Business skills are only one part of the equation when a company in the East is looking to break into the West, or a company in the West is looking to penetrate the healthcare markets of the East. To realise true value in this marketplace an executive needs to have the 'x-factor'. The x-factor is a powerful amalgam of business skills and cultural plurality which allows effortless movement between two worlds with very different business and civil cultures.
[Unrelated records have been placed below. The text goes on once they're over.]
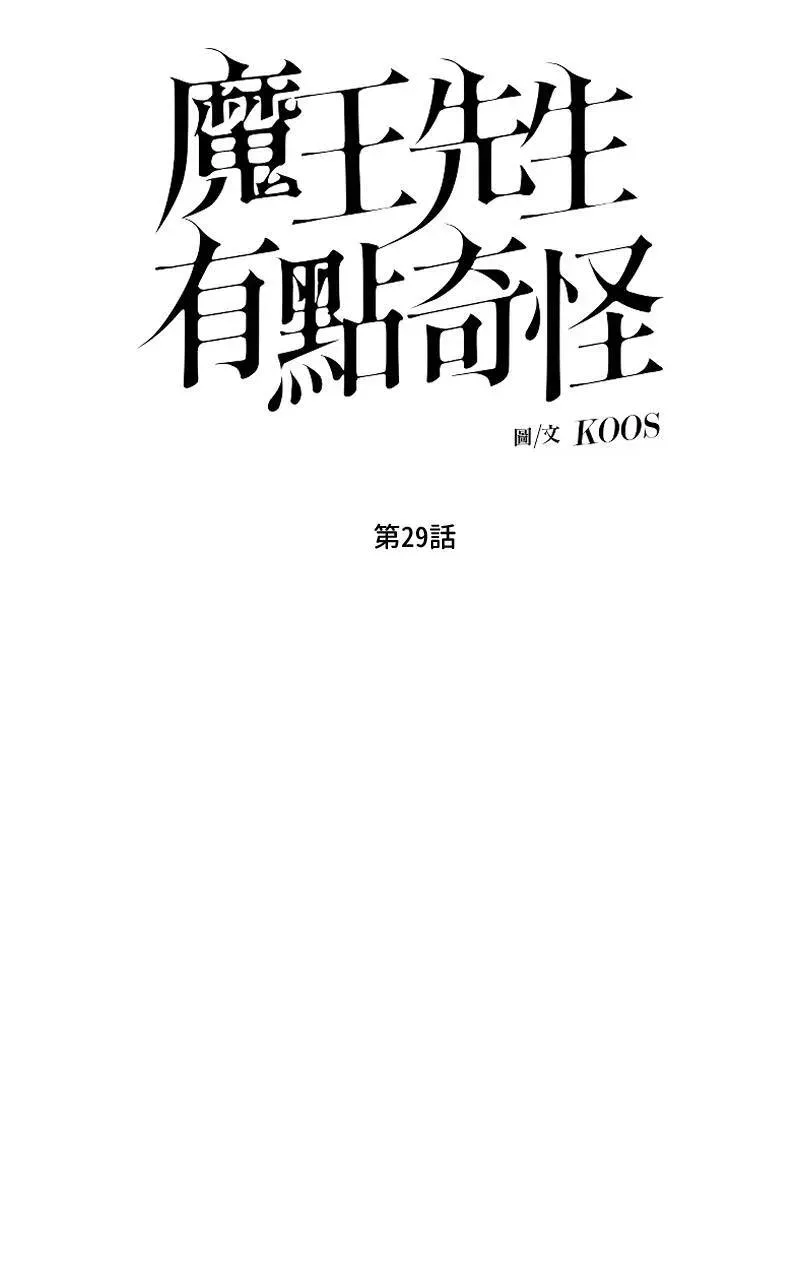 魔王先生有点奇怪 第29话 第13页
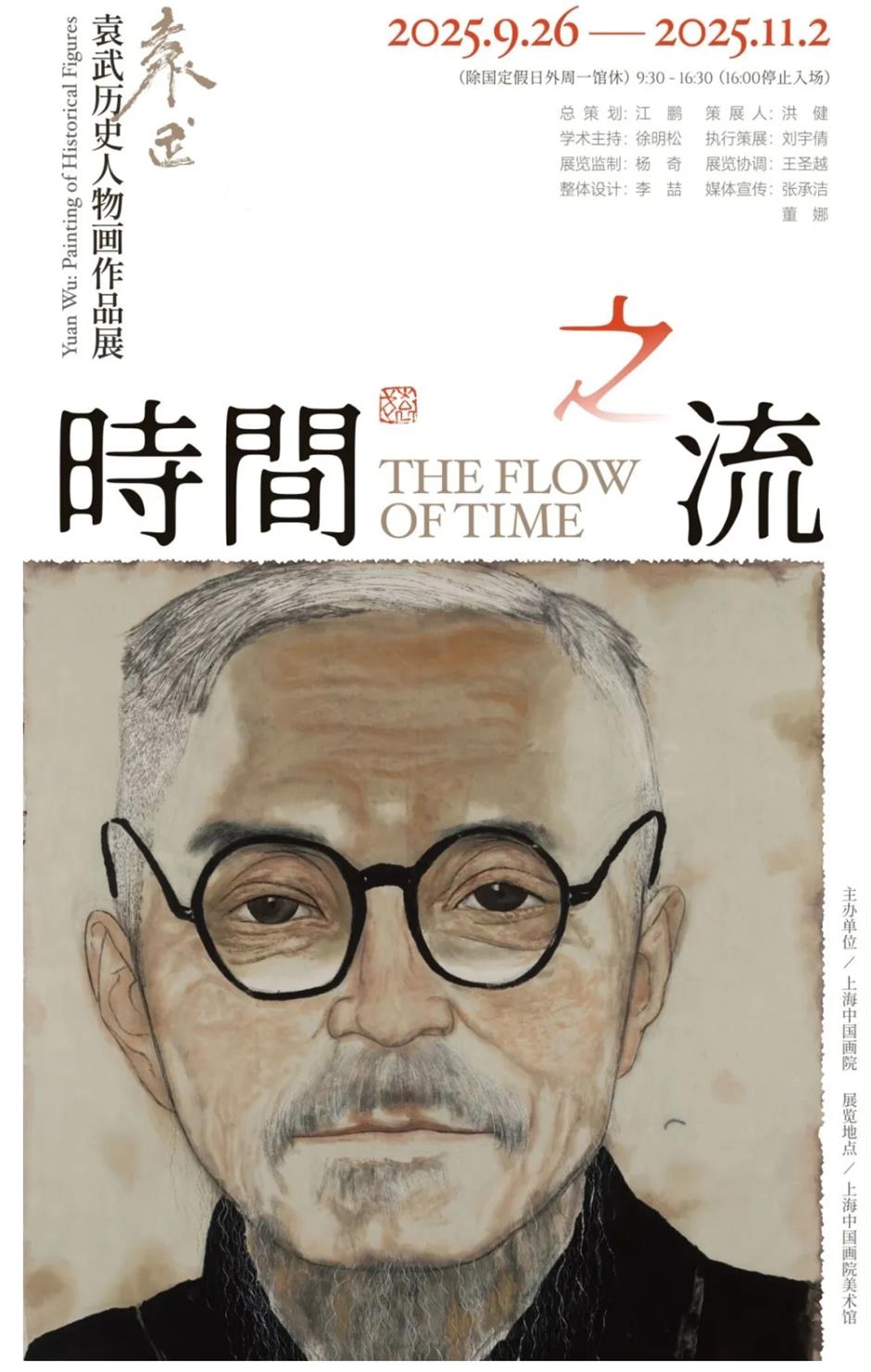 國際藝術節、外灘音樂節、森林紅花節.....一周文旅生活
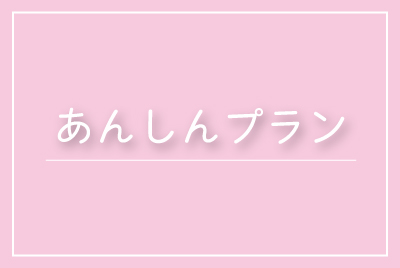 anshin_sum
Typically, in the East people work for a boss and trust that their intention will help the staff along: 'do well and the rest will follow'. In the West, business is more target and process driven and if these are delivered, a career will go well. In the West, alongside the business targets, workers have to master the 'how' and 'why' of doing business. In Asia business is very much about modesty, teamwork, time, trust and a degree of ambiguity which sits uncomfortably with the typical Western psyche.
Taking someone from the East and putting him or her into a company from the West tends to be easier, but clan-based cultures make it difficult to wean key people away. The big question is whether they can adapt to all the different aspects of compliance. Experience suggests that the best thing is to professionalise local people. This was a key motivator for supporting the creation of the Pan-Asian Clinical Research Association (PACRA) to support training and education for clinical research professionals in Asia.
Sometimes people who do not fit the standard mould are needed; people who can make things happen in areas where the organisation has little insight or influence. This requires the sourcing of the 'honourable maverick'; someone who can be difficult to manage in the conventional sense but who can be trusted to do the right thing if sent off to 'distant lands'. This rare breed has the optimum mix of assertiveness, knowledge and entrepreneurial spirit.
Whether it is an established pharma looking to optimise investment in the East, or emerging pharma looking to go West, talent plays an important part in value generation. The x-factor that everyone is looking for is great business acumen allied to an ability to bridge the cultural divide and work equally effectively in both worlds. Immediate requirements may be met through getting the best out of the sea turtles, pioneering Westerners and honourable mavericks. Longer term, the future rests with the next generation that will grow up in a more diverse and multicultural industry.